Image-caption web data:
----------
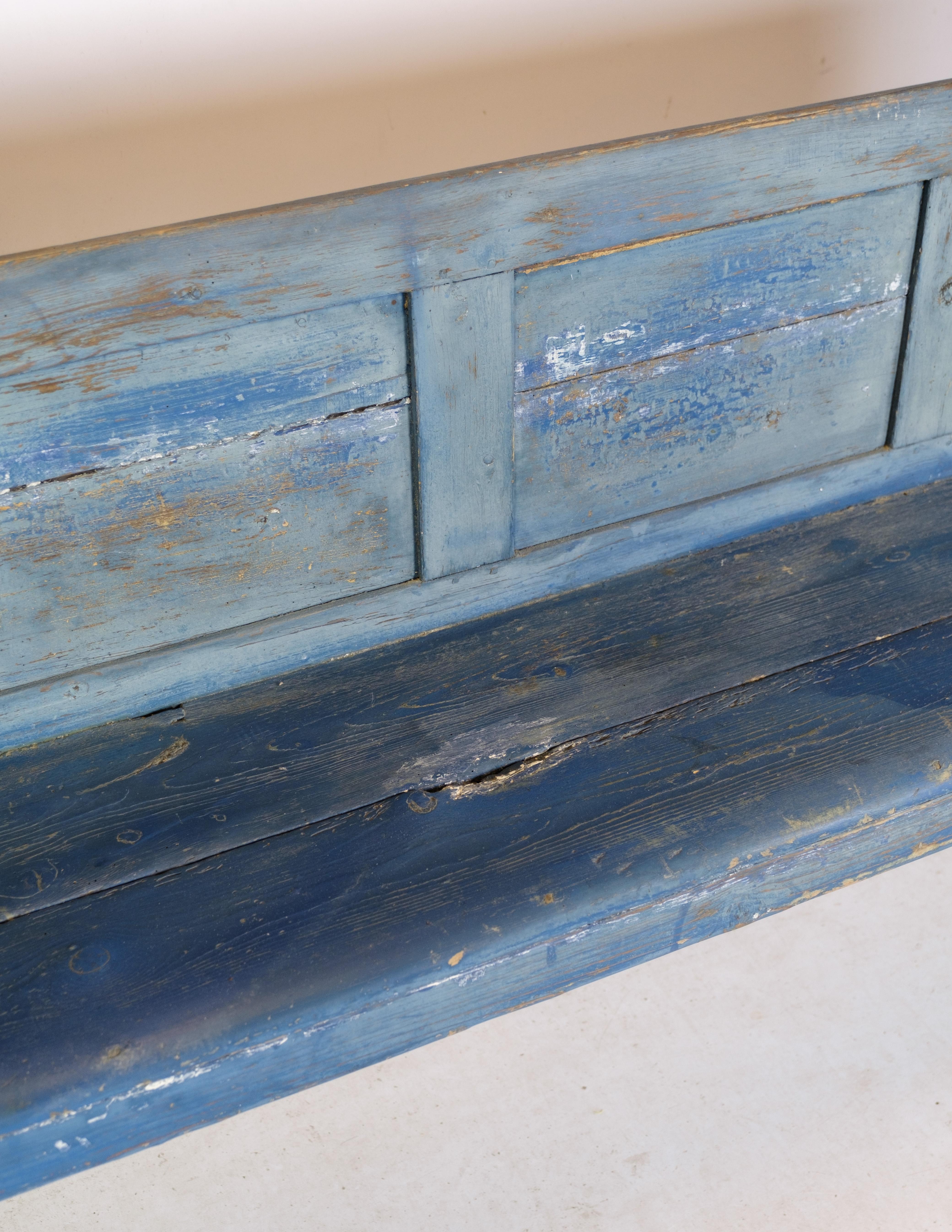 Bench in original blue painted color in pine from around the 1840s.
Dimensions in cm: H:84 W:202 D:37
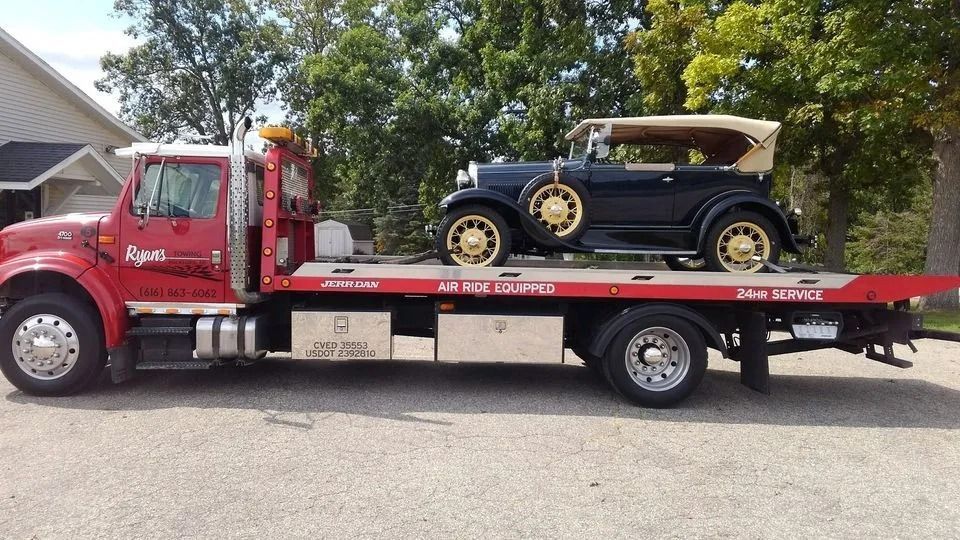Red tow truck carrying a vintage black car on a flatbed roadside.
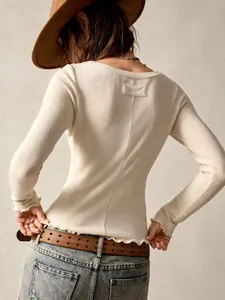 Elegant off-white long sleeve ribbed top with back bow and ruffled lettuce hem detail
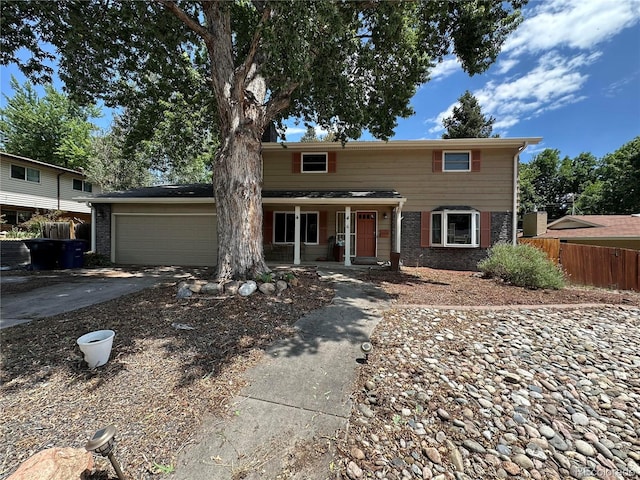 2730 S Jay St, Denver, CO 80227 - traditional home featuring driveway, covered porch, and an attached garage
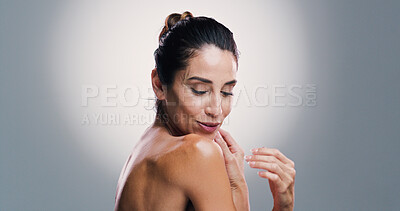 Buy stock photo Smile, woman and skincare beauty in studio for anti aging, treatment and dermatology benefits. Mature person, shoulder and shine of body transformation, natural glow and cosmetics on gray background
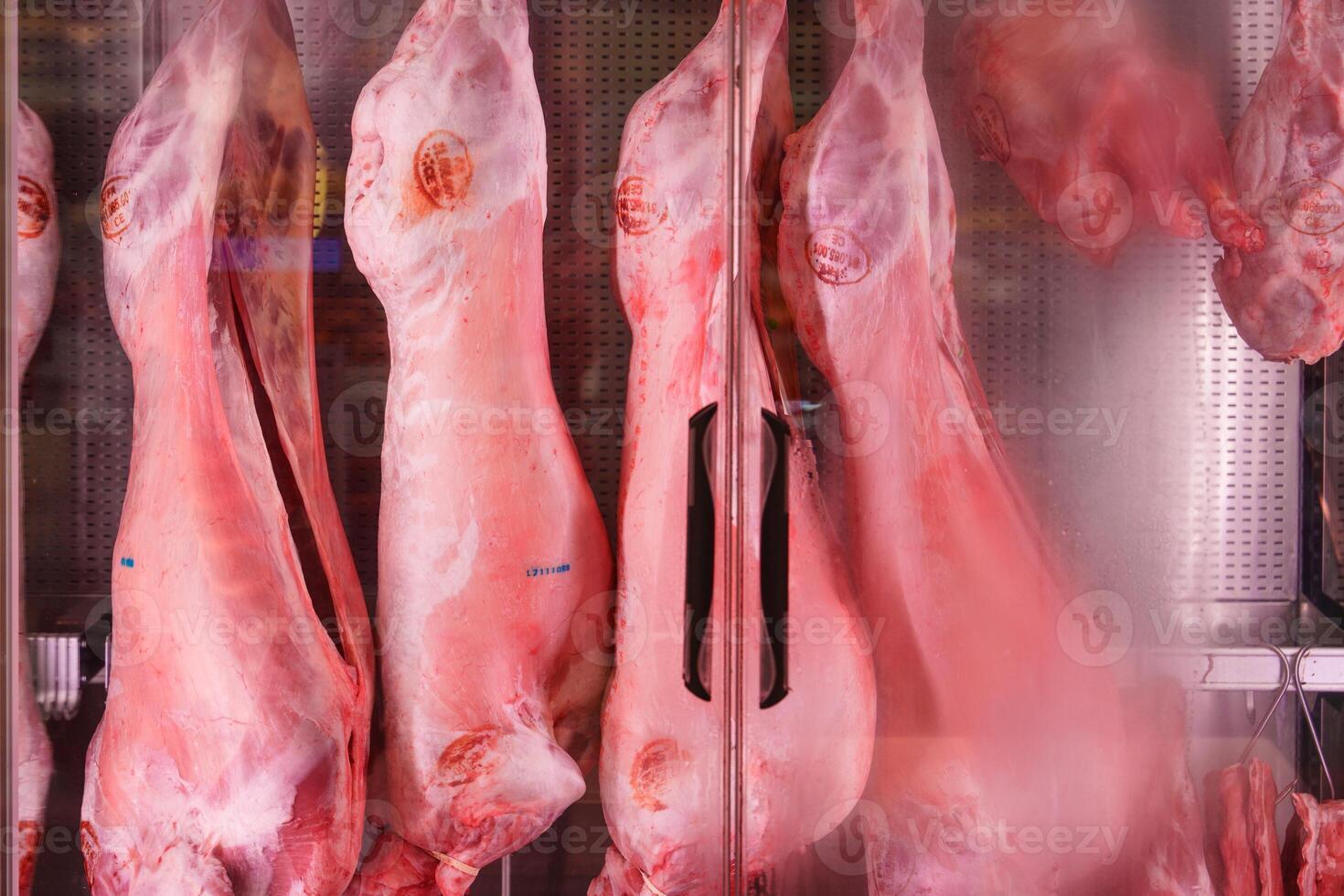 Fresh lamb carcasses hanging in a cold storage room of a butcher shop. photo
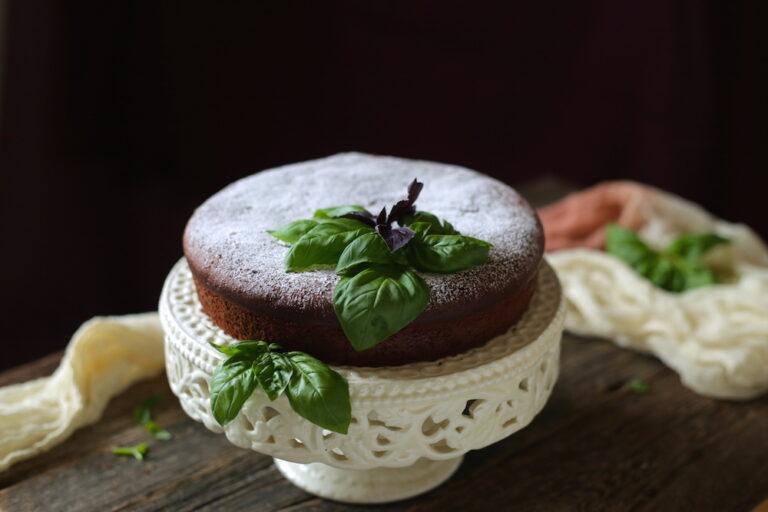 whole basil olive oil chocolate cake decorated with fresh basil leaves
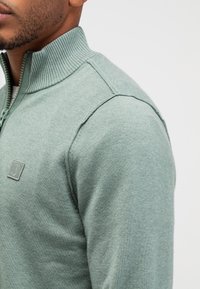Lichtgroene zip-up sweater met een ribbelkraag en textuurstof. Bevat een subtiele logopatch op de borst en een getailleerde silhouette.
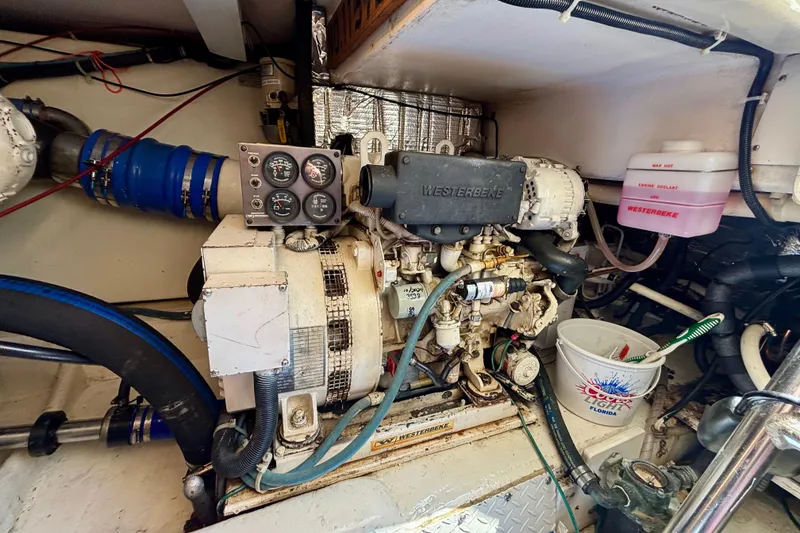 Slide: The Image of Engine room of a 1999 Ocean Yachts 45 Super Sport with Westerbeke generator. - 31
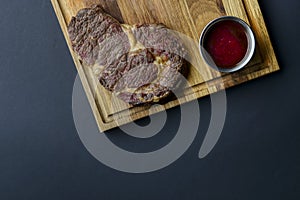 Fresh meat steak and seasonings on rustic wooden board over black background. Top view, flat lay, copy space banner.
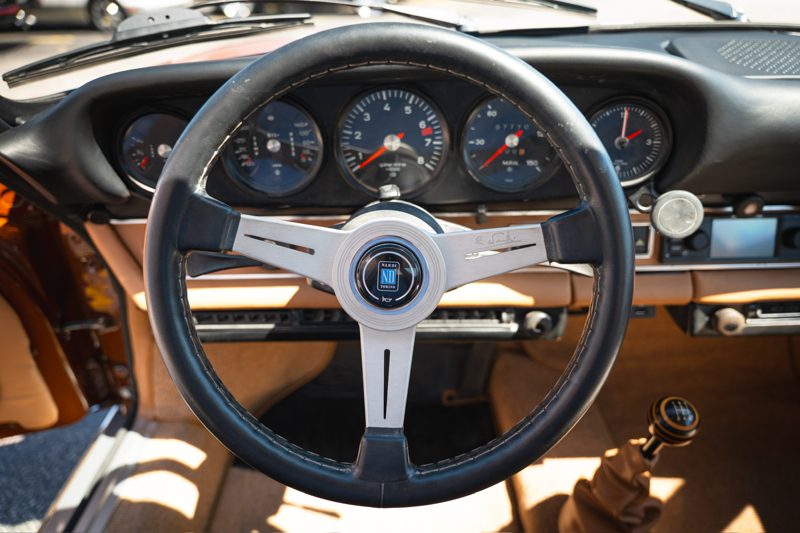 Classic car interior: close-up of a black steering wheel with a silver three-spoke hub, gauges visible in the dashboard, and a brown leather interior in the background.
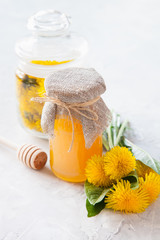 honey and dandelions in a jar on a table, selective focus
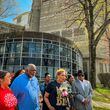 Jonia Milburn (center) speaks in front of the DeKalb County Jail, where her son Christon Collins suffered a medical emergency March 13 and was pronounced dead two days later.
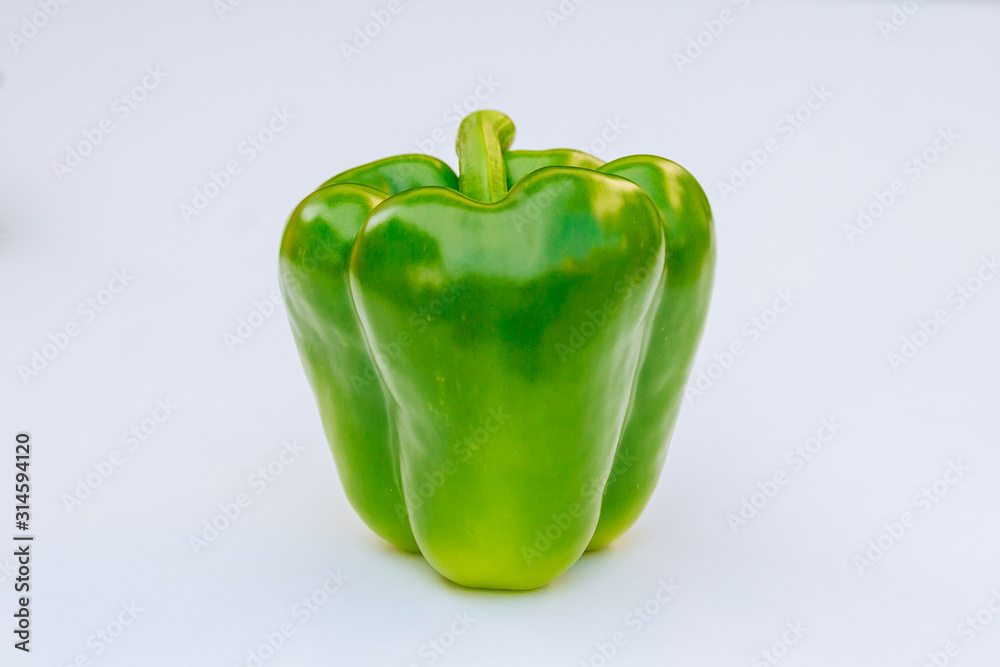 Fresh green bell pepper on a white background. Fresh green bell pepper on a white background.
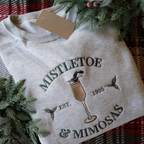 Mistletoe  Mimosas Embroidered Crewneck   Christmas Crewneck Holiday Sweatshirt Mimosas Crewneck Christmas Gift For Christmas 1732592602469.png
----------
Exercise requirements
Leave out every picture, and repeat word for word only the lines from the one holding "Fresh lamb carcasses" through the end of the entries above, both ends included.

Result
 Fresh lamb carcasses hanging in a cold storage room of a butcher shop. photo
 whole basil olive oil chocolate cake decorated with fresh basil leaves
Lichtgroene zip-up sweater met een ribbelkraag en textuurstof. Bevat een subtiele logopatch op de borst en een getailleerde silhouette.
 Slide: The Image of Engine room of a 1999 Ocean Yachts 45 Super Sport with Westerbeke generator. - 31
 Fresh meat steak and seasonings on rustic wooden board over black background. Top view, flat lay, copy space banner.
 Classic car interior: close-up of a black steering wheel with a silver three-spoke hub, gauges visible in the dashboard, and a brown leather interior in the background.
 honey and dandelions in a jar on a table, selective focus
 Jonia Milburn (center) speaks in front of the DeKalb County Jail, where her son Christon Collins suffered a medical emergency March 13 and was pronounced dead two days later.
 Fresh green bell pepper on a white background. Fresh green bell pepper on a white background.
 Mistletoe  Mimosas Embroidered Crewneck   Christmas Crewneck Holiday Sweatshirt Mimosas Crewneck Christmas Gift For Christmas 1732592602469.png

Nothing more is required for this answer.